----- Excerpted data
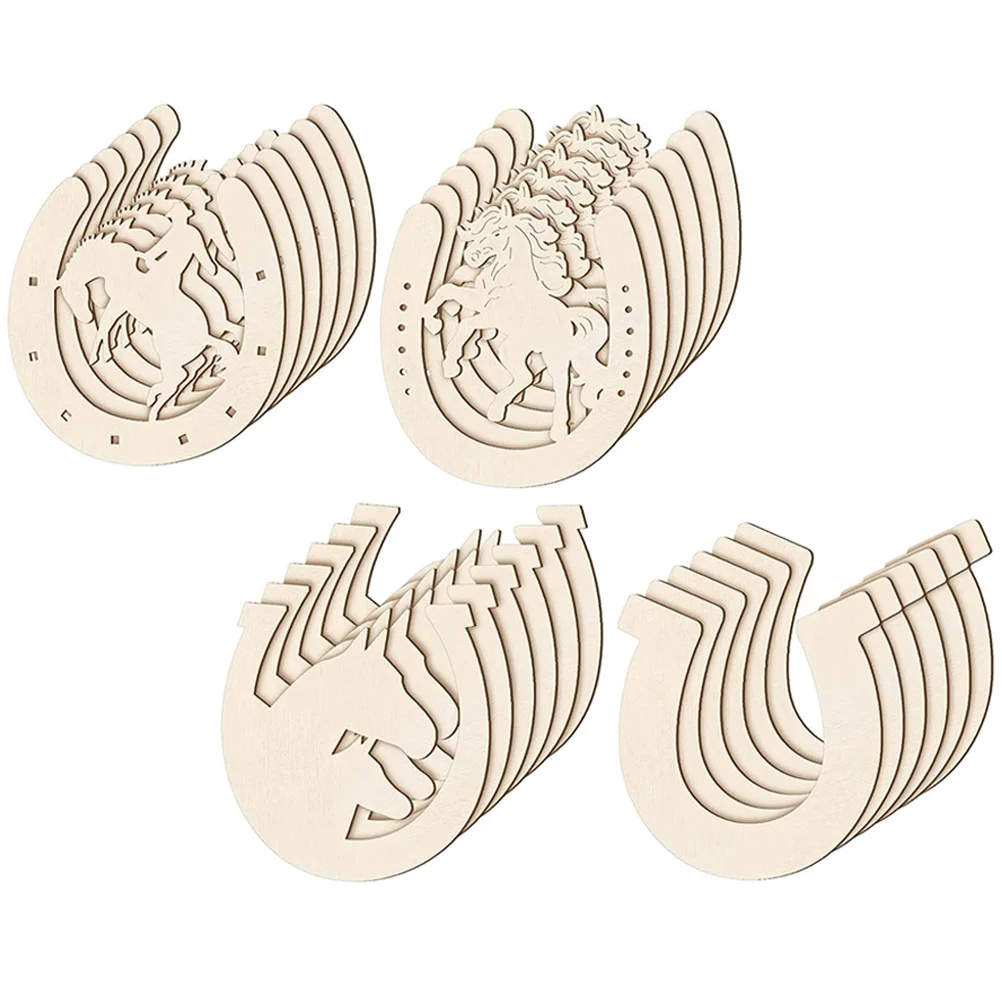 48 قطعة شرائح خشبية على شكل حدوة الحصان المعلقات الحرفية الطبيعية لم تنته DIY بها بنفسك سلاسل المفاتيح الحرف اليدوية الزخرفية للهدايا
----------
----- Excerpted data
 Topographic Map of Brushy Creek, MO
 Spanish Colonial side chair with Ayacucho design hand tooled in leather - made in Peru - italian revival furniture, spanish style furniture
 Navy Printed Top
----------
**Task directions:**
Look back at the data above. Transcribe exactly the lines starting at the line that contains "Spanish Colonial side" and ending at the line that contains "Navy Printed Top".

**Solution to this problem:**
 Spanish Colonial side chair with Ayacucho design hand tooled in leather - made in Peru - italian revival furniture, spanish style furniture
 Navy Printed Top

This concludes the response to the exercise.